--- What you will do ---
Using the listing below, print the line containing "Линар Закиров проверил", the line containing "Charlie Paige Print", and each line between them, exactly and nothing else. Pictures stay out of the print.

--- Material supplied ---
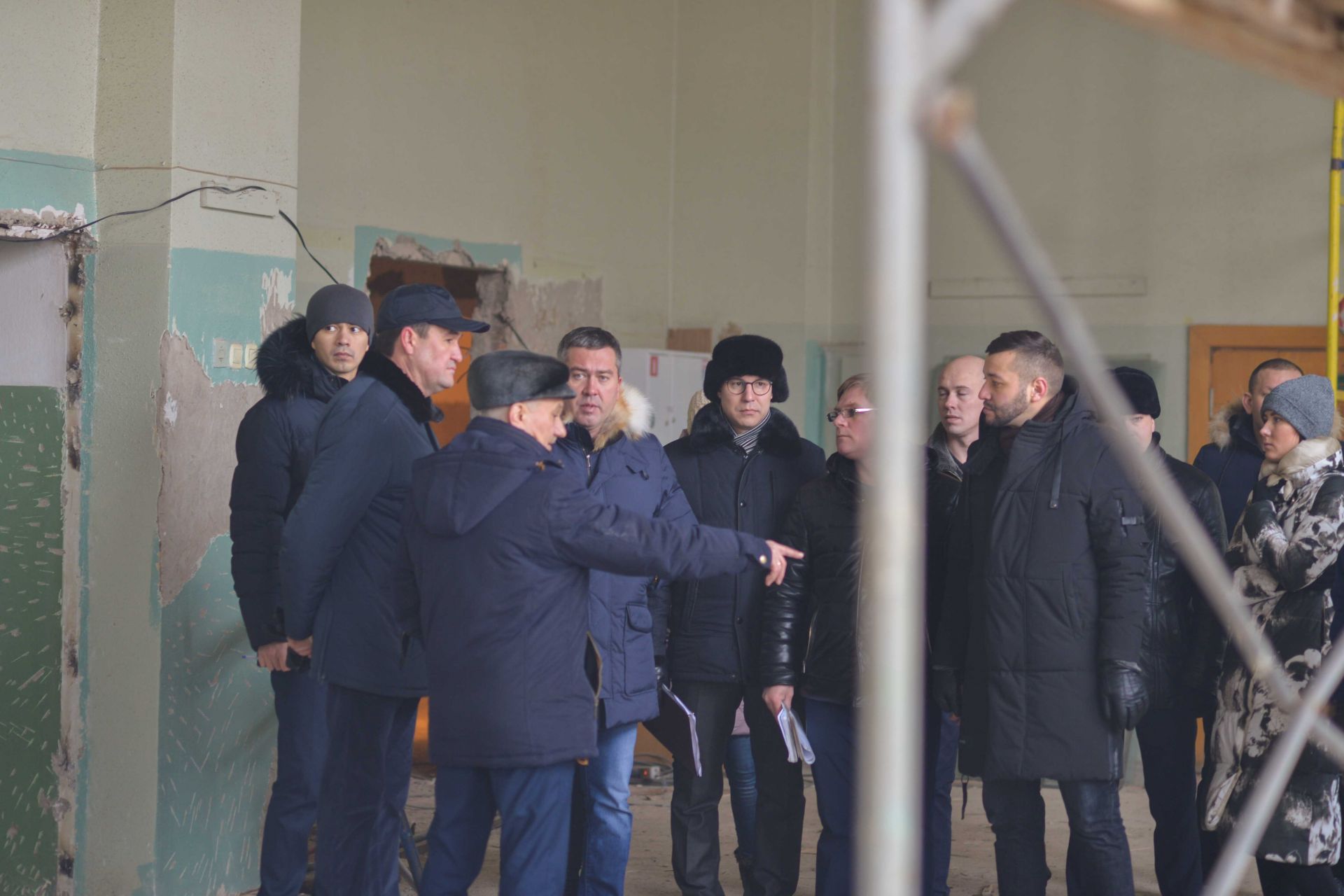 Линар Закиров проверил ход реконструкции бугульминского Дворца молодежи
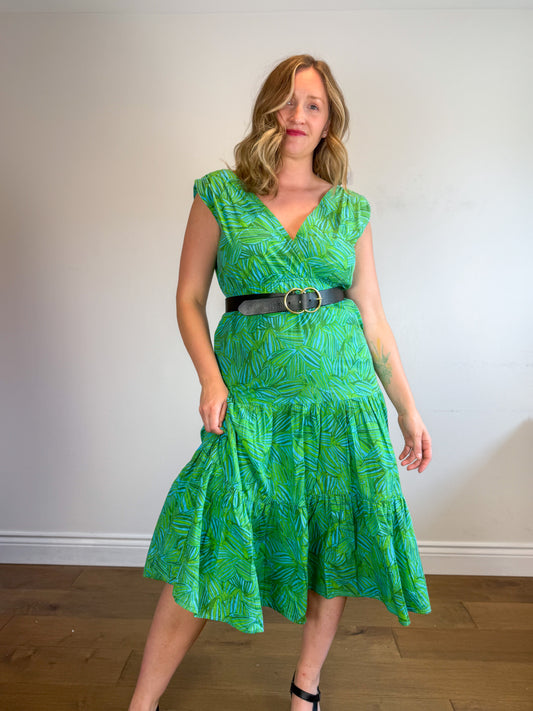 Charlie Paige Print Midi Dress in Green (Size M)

==

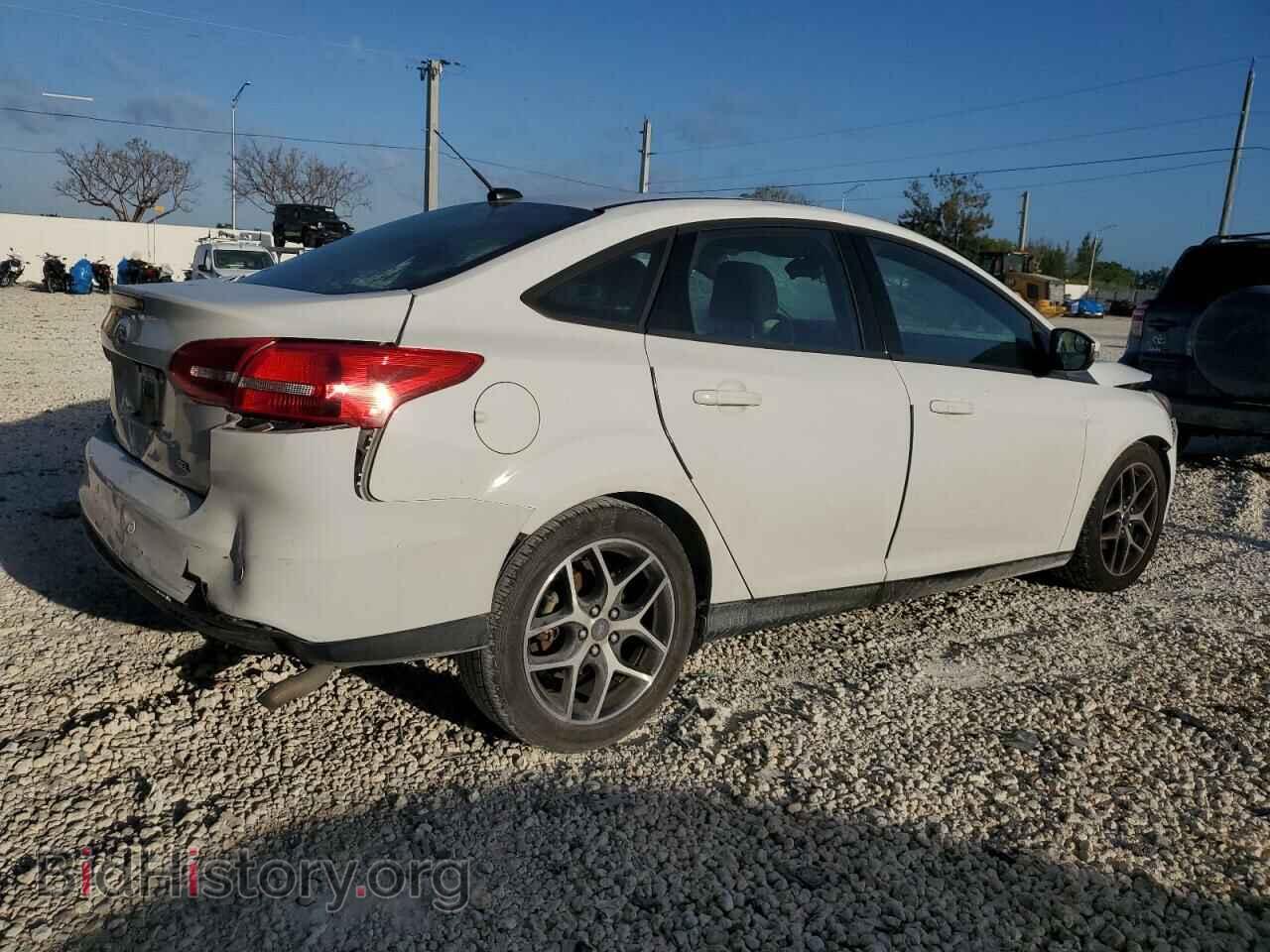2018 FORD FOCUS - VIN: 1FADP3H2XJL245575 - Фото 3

--- Solution for this exercise ---
 Линар Закиров проверил ход реконструкции бугульминского Дворца молодежи
 Charlie Paige Print Midi Dress in Green (Size M)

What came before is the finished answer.